Saved entries
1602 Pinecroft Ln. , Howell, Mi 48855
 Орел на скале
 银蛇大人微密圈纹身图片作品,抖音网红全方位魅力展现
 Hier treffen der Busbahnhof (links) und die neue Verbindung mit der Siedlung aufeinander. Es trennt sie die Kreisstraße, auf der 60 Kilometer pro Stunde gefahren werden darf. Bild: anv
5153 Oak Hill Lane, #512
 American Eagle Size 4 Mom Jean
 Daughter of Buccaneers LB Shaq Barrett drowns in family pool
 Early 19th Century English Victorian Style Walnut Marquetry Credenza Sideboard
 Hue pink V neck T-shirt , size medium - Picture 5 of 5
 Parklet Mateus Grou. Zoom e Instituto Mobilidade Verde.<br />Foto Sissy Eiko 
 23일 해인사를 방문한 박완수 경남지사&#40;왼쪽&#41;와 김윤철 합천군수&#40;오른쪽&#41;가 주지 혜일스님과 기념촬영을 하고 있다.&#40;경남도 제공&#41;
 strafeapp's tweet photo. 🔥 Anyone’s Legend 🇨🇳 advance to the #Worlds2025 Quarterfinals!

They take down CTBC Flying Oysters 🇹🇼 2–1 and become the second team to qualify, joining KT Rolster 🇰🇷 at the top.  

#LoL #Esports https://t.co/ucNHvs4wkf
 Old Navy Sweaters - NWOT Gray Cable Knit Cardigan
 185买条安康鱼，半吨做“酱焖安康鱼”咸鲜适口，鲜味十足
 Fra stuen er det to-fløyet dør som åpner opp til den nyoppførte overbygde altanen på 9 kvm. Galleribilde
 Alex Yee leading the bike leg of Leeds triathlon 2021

_Directions for this task_
None of the lines above may be skipped. Transcribe each one exactly.

_Solution for this problem_
1602 Pinecroft Ln. , Howell, Mi 48855
 Орел на скале
 银蛇大人微密圈纹身图片作品,抖音网红全方位魅力展现
 Hier treffen der Busbahnhof (links) und die neue Verbindung mit der Siedlung aufeinander. Es trennt sie die Kreisstraße, auf der 60 Kilometer pro Stunde gefahren werden darf. Bild: anv
5153 Oak Hill Lane, #512
 American Eagle Size 4 Mom Jean
 Daughter of Buccaneers LB Shaq Barrett drowns in family pool
 Early 19th Century English Victorian Style Walnut Marquetry Credenza Sideboard
 Hue pink V neck T-shirt , size medium - Picture 5 of 5
 Parklet Mateus Grou. Zoom e Instituto Mobilidade Verde.<br />Foto Sissy Eiko 
 23일 해인사를 방문한 박완수 경남지사&#40;왼쪽&#41;와 김윤철 합천군수&#40;오른쪽&#41;가 주지 혜일스님과 기념촬영을 하고 있다.&#40;경남도 제공&#41;
 strafeapp's tweet photo. 🔥 Anyone’s Legend 🇨🇳 advance to the #Worlds2025 Quarterfinals!

They take down CTBC Flying Oysters 🇹🇼 2–1 and become the second team to qualify, joining KT Rolster 🇰🇷 at the top.  

#LoL #Esports https://t.co/ucNHvs4wkf
 Old Navy Sweaters - NWOT Gray Cable Knit Cardigan
 185买条安康鱼，半吨做“酱焖安康鱼”咸鲜适口，鲜味十足
 Fra stuen er det to-fløyet dør som åpner opp til den nyoppførte overbygde altanen på 9 kvm. Galleribilde
 Alex Yee leading the bike leg of Leeds triathlon 2021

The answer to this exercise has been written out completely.